Beginning in 1995, Mihelakos was editor of Melbourne's music street press title Beat Magazine, after previously contributing writing to them as a student.

In 2003, Mihelakos and Glenn Dickie started the Aussie BBQ showcase of Australian music at South by Southwest (SXSW) in Austin, Texas. Their initiative paved the way for Sounds Australia who have continued promoting Australian music at events such as SXSW. Mihelakos licensing the Aussie BBQ brand to Sounds Australia, and handed the event to them in 2013.

After leaving Beat in 2005, between 2009 and 2016 she wrote 'Sticky Carpet', a music column in The Age newspaper, focusing on Melbourne's live music scene.

Beginning in 2013, Mihelakos founded and produced the annual music festival Leaps and Bounds for City of Yarra.

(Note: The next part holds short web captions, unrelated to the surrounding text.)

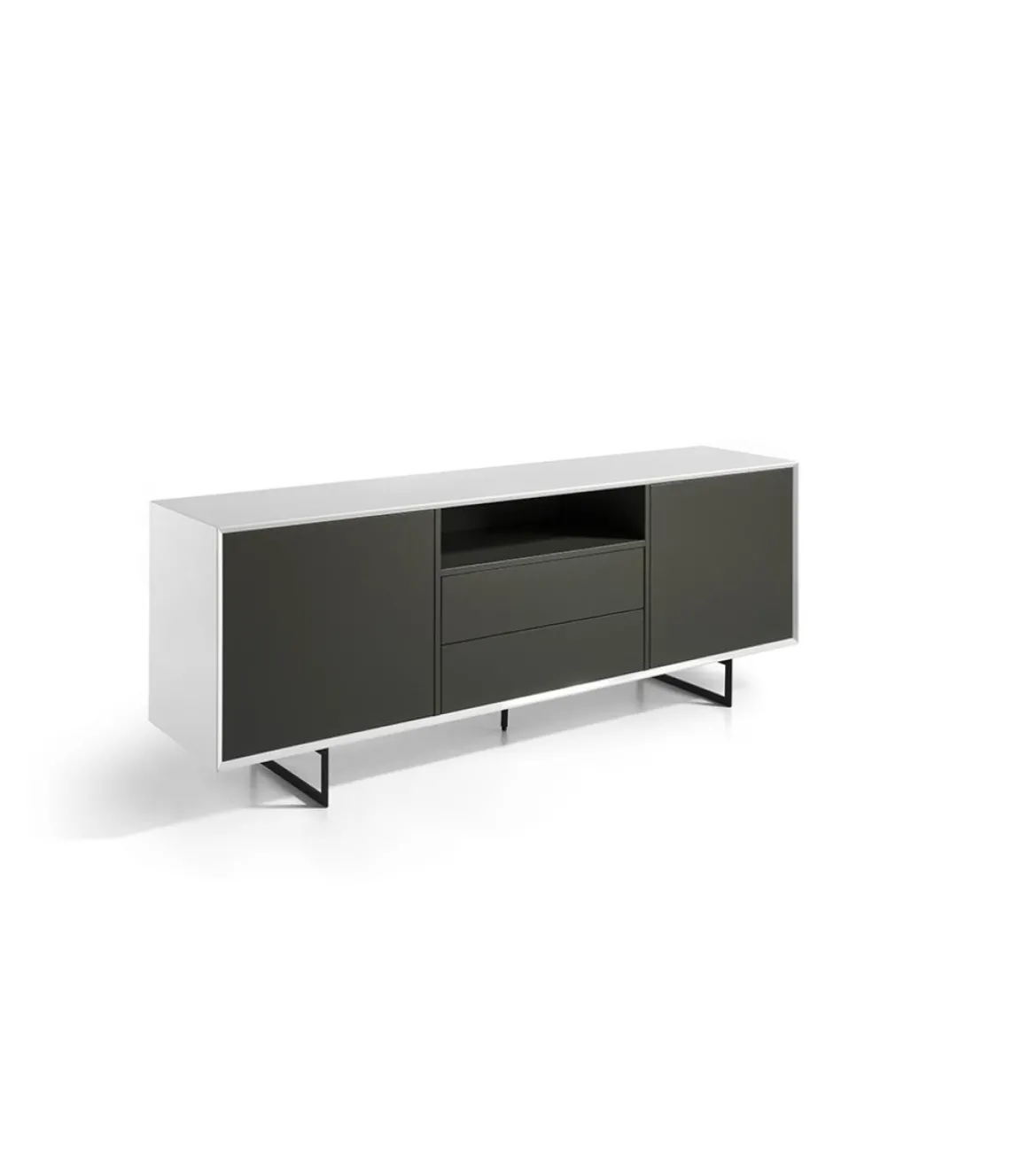 Aparador de 2 puertas Elsa acabado gris mate / blanco brillo, 74 cm(alto) 200 cm(ancho) 45 cm (fondo)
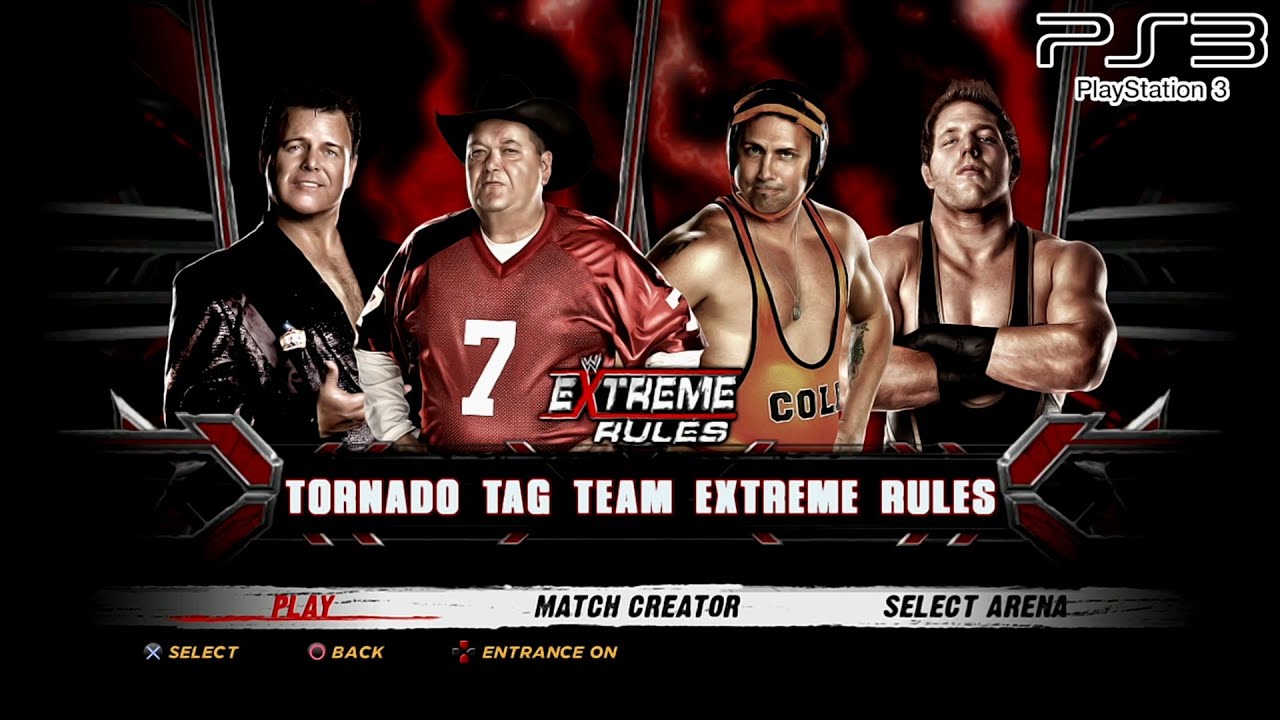 WWE '12 PS3 - JimRoss & JerryLawler VS MichaelCole & JackSwagger - Tornado Tag Team Extreme Rules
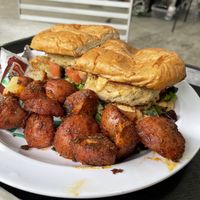 Vegan crab cake po boy at Meals From The Heart Cafe in New Orleans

In 2020, she was inducted into the Music Victoria's hall of fame alongside blues singer Chris Wilson for the 15th Annual Music Victoria Awards.

Between 2021 and 2024, she was music booker for the Brunswick Ballroom. The venue was reopened in 2021 with the Ballroom Blitz, a three-day music festival created by Mihelakos and venue director Will Ewing.

==Awards==
===Music Victoria Awards===
The Music Victoria Awards are an annual awards night celebrating Victorian music. They commenced in 2005.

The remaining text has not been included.